Washington juice grape growers expect to see acreage remain firm in the coming year, due to good prices and yields and increased efficiencies.

Michelle Moyer, statewide viticulture extension specialist for Washington State University, said Washington's acreage has been holding relatively steady in recent years.

That has a lot to do with the demographic of Concord juice grape growers, which Moyer said is an aging group of individuals.

"Obviously, growing juice grapes is not as sexy as growing winegrapes, but they've been holding pretty steady," she said.

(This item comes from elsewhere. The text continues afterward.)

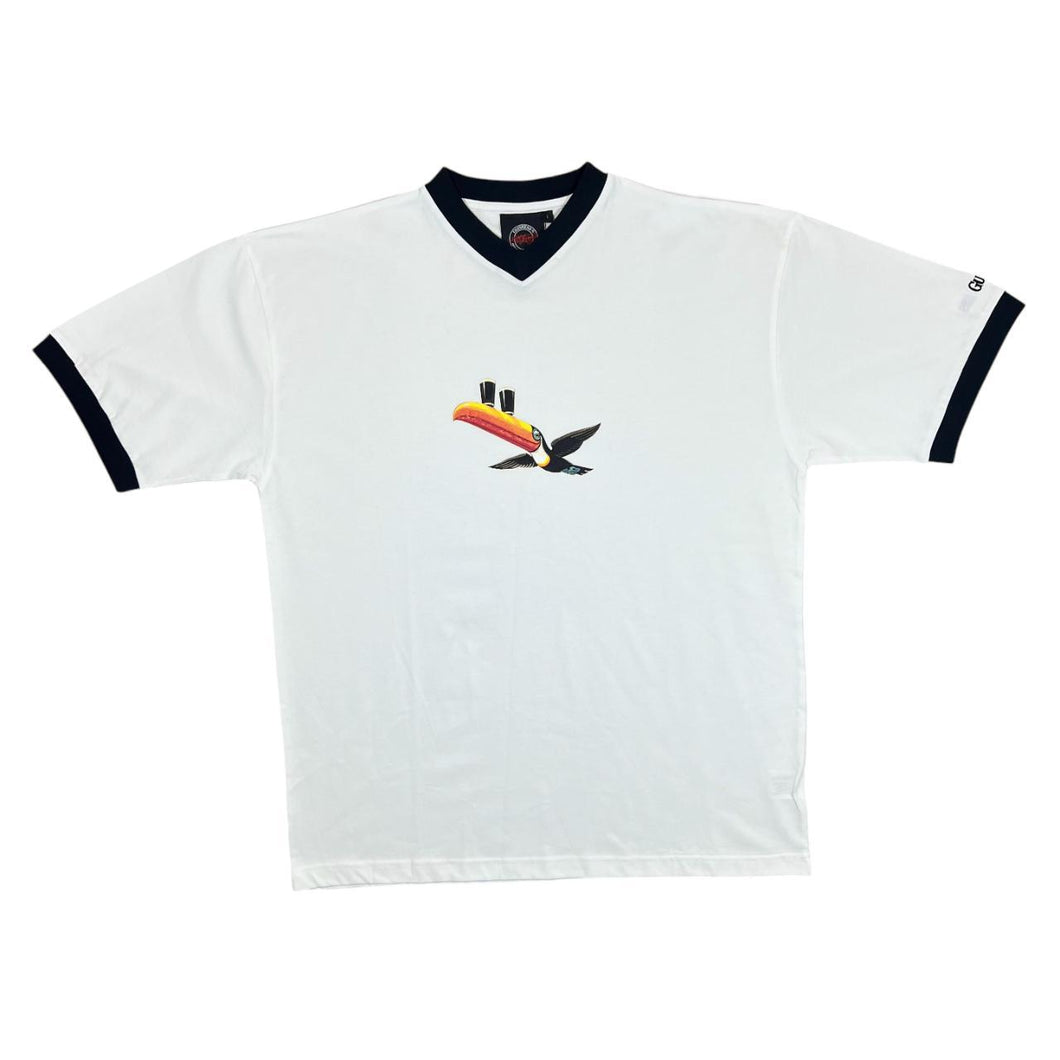 Early 00's GUINNESS Toucan Mascot Beer Logo Graphic V-Neck Ringer T-Shirt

"It costs so much to put a vineyard in, you don't see a whole lot of Concords going in," said Art Denhode, president of the Washington Grape Society. He grows 350 acres of Concord grapes, about a fourth of his operation in Roza, Wash., which also includes apples and winegrapes.

In some of the southern areas of the state, the dairy industry is buying older vineyards and converting them for their operations, Denhode said.

But yields have increased, which Moyer said is a testament to the growers' improved production practices. Historically, yields were about 5 to 7 tons per acre, but have reached 10 to 15 tons per acre.

"We're getting a little bit better at our production efficiency," Moyer said.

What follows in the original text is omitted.